Using the records that appear below, write out exactly the lines from the one with "Gambe per tavolo" through the one with "2014 Topps Allen", keeping both end lines.

** Given data follows **

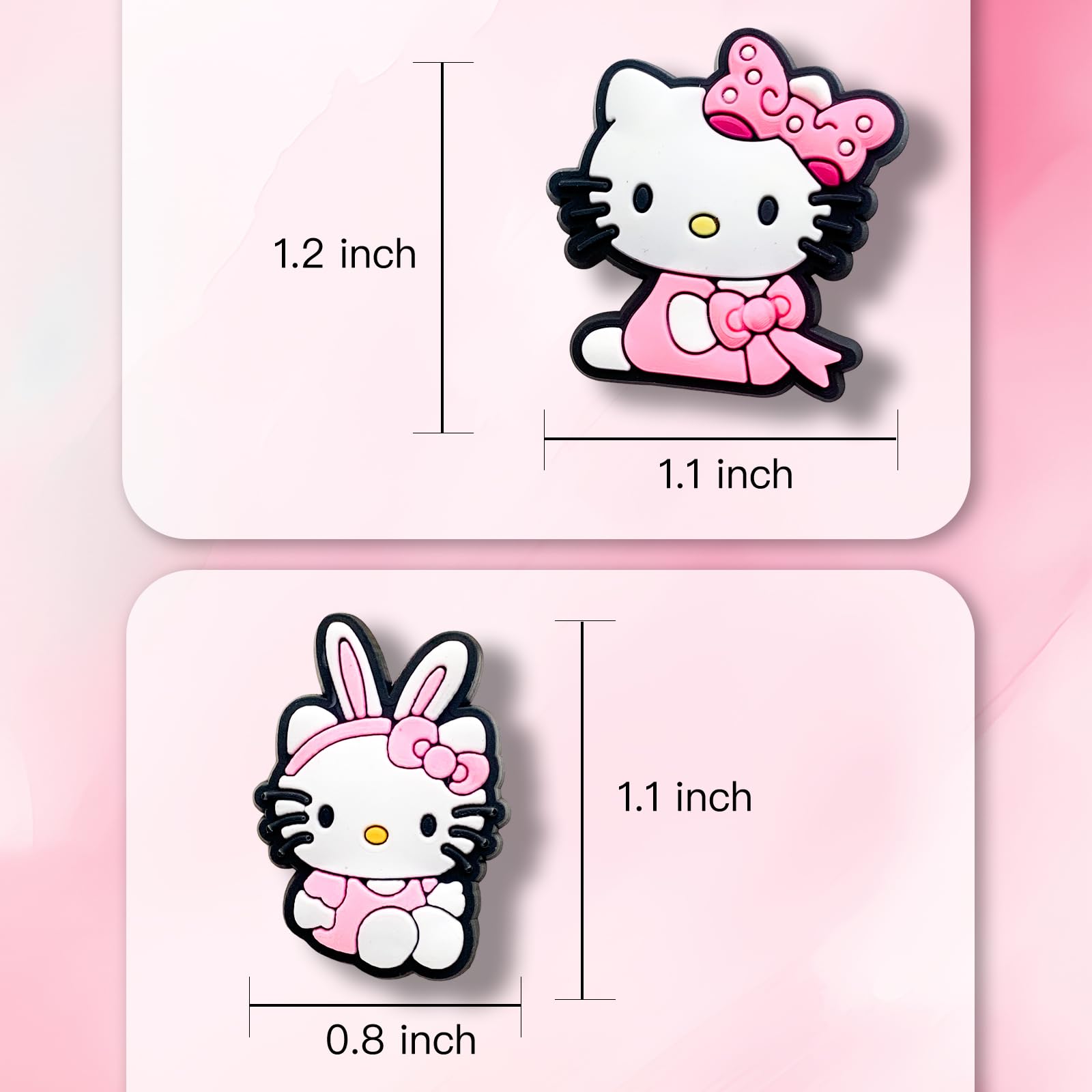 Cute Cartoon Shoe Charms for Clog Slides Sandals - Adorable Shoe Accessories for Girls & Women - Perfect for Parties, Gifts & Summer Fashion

** End of Given data **
** Given data follows **

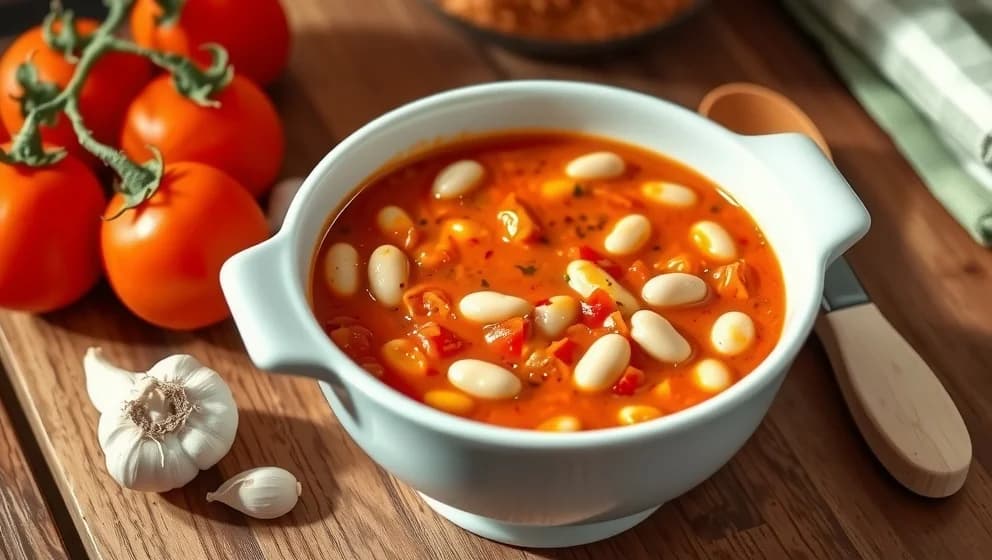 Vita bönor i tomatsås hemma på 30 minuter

** End of Given data **
** Given data follows **

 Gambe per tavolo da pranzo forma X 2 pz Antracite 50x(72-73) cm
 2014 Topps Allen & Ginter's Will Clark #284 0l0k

** End of Given data **

[Your solution]
 Gambe per tavolo da pranzo forma X 2 pz Antracite 50x(72-73) cm
 2014 Topps Allen & Ginter's Will Clark #284 0l0k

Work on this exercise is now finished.